** DATA EXCERPTS follows **

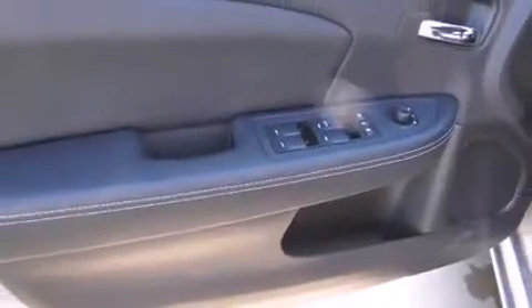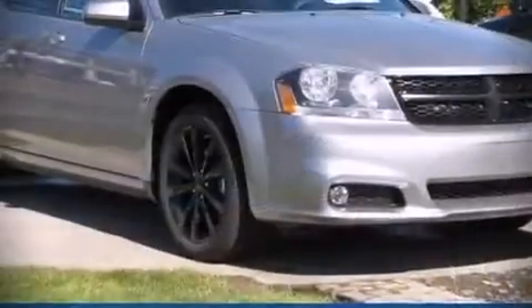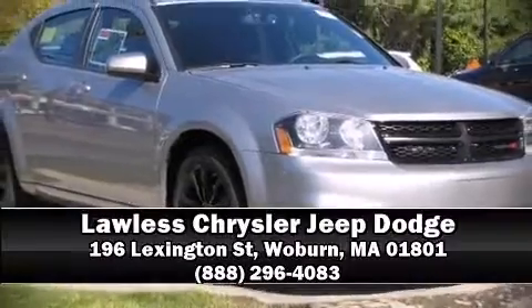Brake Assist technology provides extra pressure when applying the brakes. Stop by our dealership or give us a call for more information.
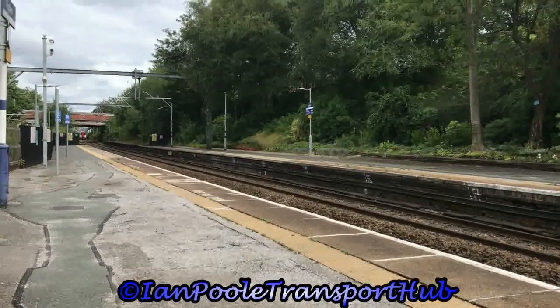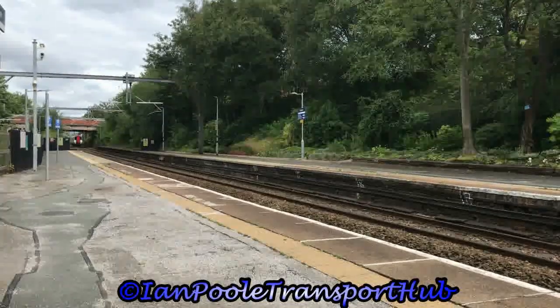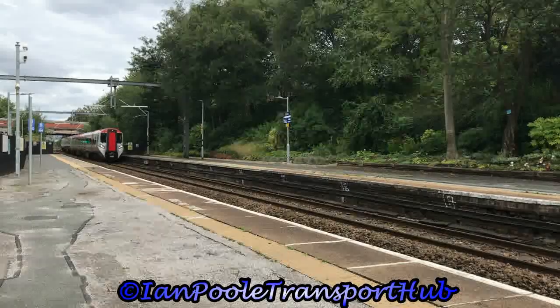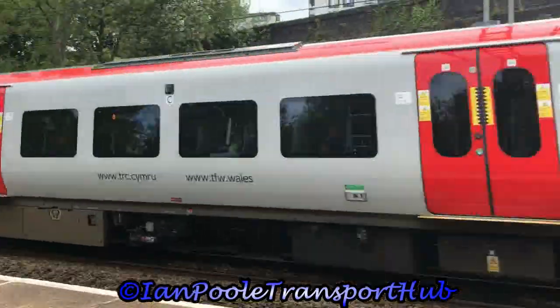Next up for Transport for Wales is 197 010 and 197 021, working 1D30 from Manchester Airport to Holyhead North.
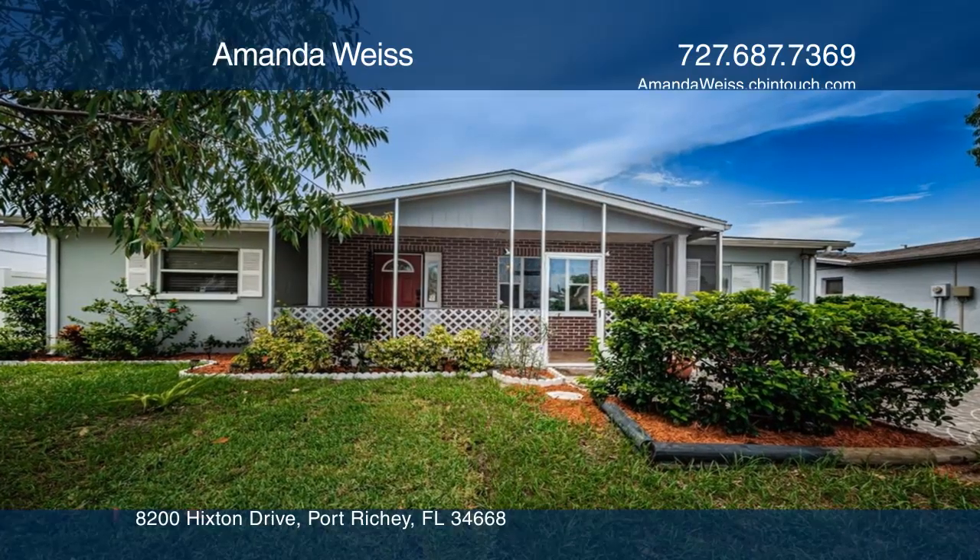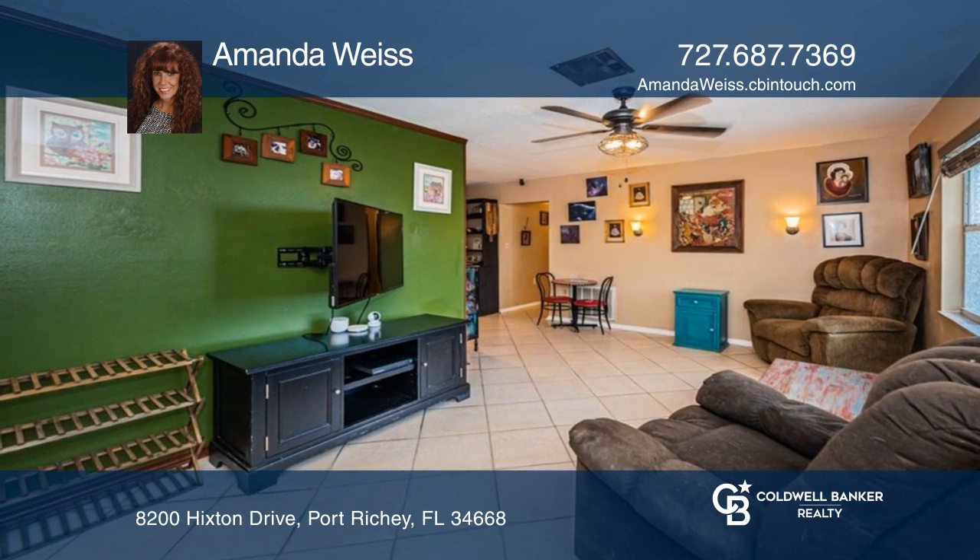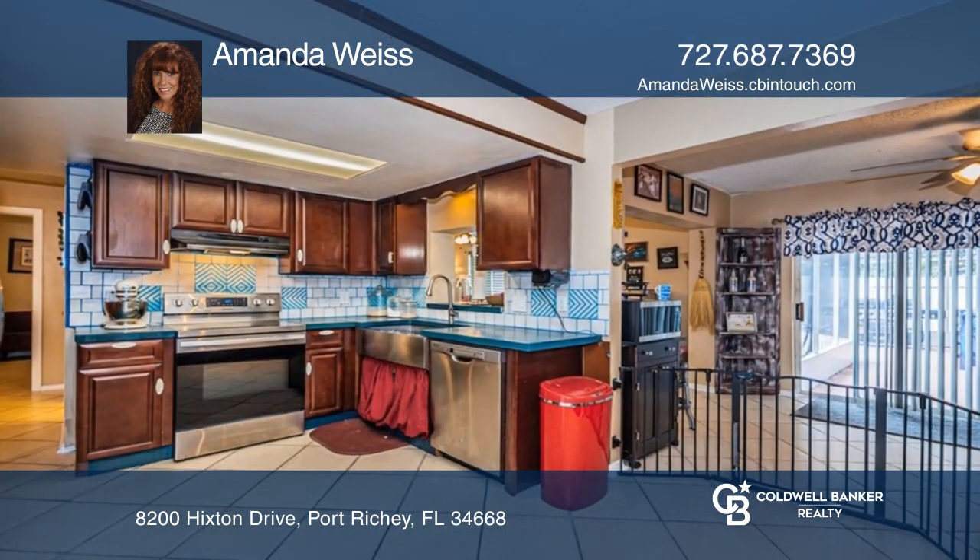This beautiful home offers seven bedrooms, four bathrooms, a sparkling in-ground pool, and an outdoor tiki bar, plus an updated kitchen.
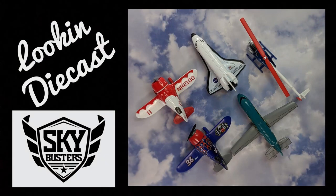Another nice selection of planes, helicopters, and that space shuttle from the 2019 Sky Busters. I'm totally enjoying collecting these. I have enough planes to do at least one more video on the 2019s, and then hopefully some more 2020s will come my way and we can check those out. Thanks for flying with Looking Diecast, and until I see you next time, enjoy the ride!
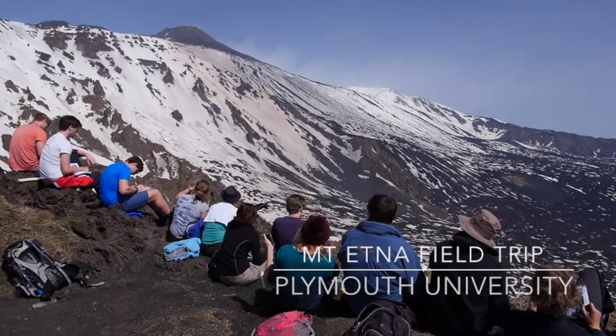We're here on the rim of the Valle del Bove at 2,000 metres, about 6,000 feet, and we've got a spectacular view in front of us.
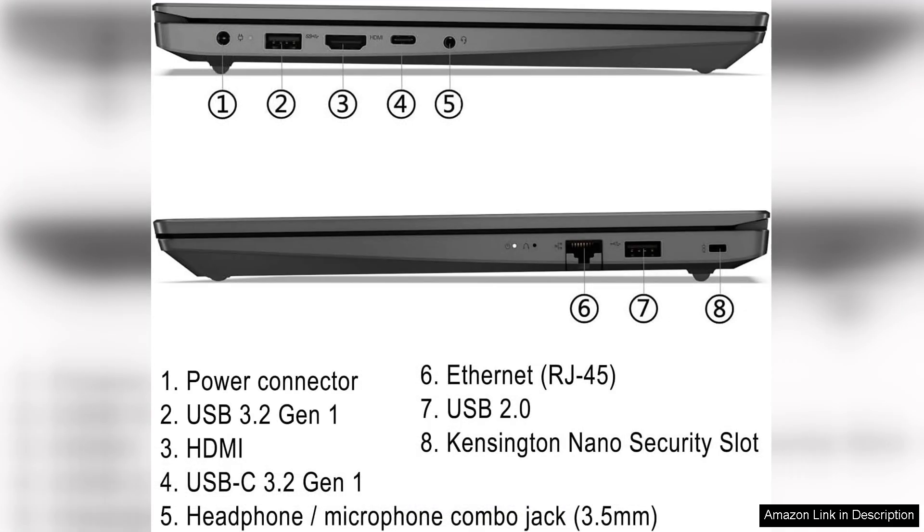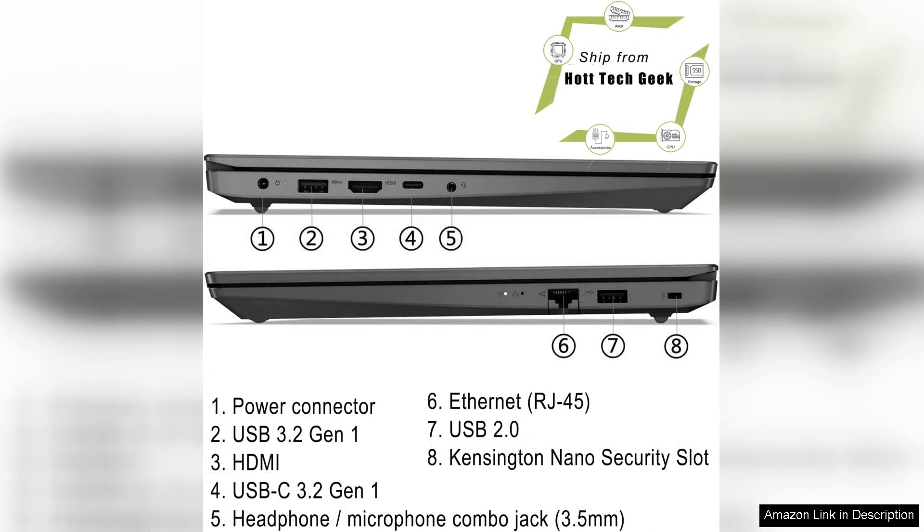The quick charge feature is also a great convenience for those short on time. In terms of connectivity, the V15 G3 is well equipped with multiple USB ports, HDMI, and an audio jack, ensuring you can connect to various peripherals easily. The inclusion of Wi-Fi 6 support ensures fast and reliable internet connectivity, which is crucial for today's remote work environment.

** End of DATA EXCERPTS **

DESCRIPTION OF THE TASK —
Set down the entries above exactly, and keep every picture out of your copy.

SOLUTION TO THE EXERCISE —
Brake Assist technology provides extra pressure when applying the brakes. Stop by our dealership or give us a call for more information.
Next up for Transport for Wales is 197 010 and 197 021, working 1D30 from Manchester Airport to Holyhead North.
This beautiful home offers seven bedrooms, four bathrooms, a sparkling in-ground pool, and an outdoor tiki bar, plus an updated kitchen.
Another nice selection of planes, helicopters, and that space shuttle from the 2019 Sky Busters. I'm totally enjoying collecting these. I have enough planes to do at least one more video on the 2019s, and then hopefully some more 2020s will come my way and we can check those out. Thanks for flying with Looking Diecast, and until I see you next time, enjoy the ride!
We're here on the rim of the Valle del Bove at 2,000 metres, about 6,000 feet, and we've got a spectacular view in front of us.
The quick charge feature is also a great convenience for those short on time. In terms of connectivity, the V15 G3 is well equipped with multiple USB ports, HDMI, and an audio jack, ensuring you can connect to various peripherals easily. The inclusion of Wi-Fi 6 support ensures fast and reliable internet connectivity, which is crucial for today's remote work environment.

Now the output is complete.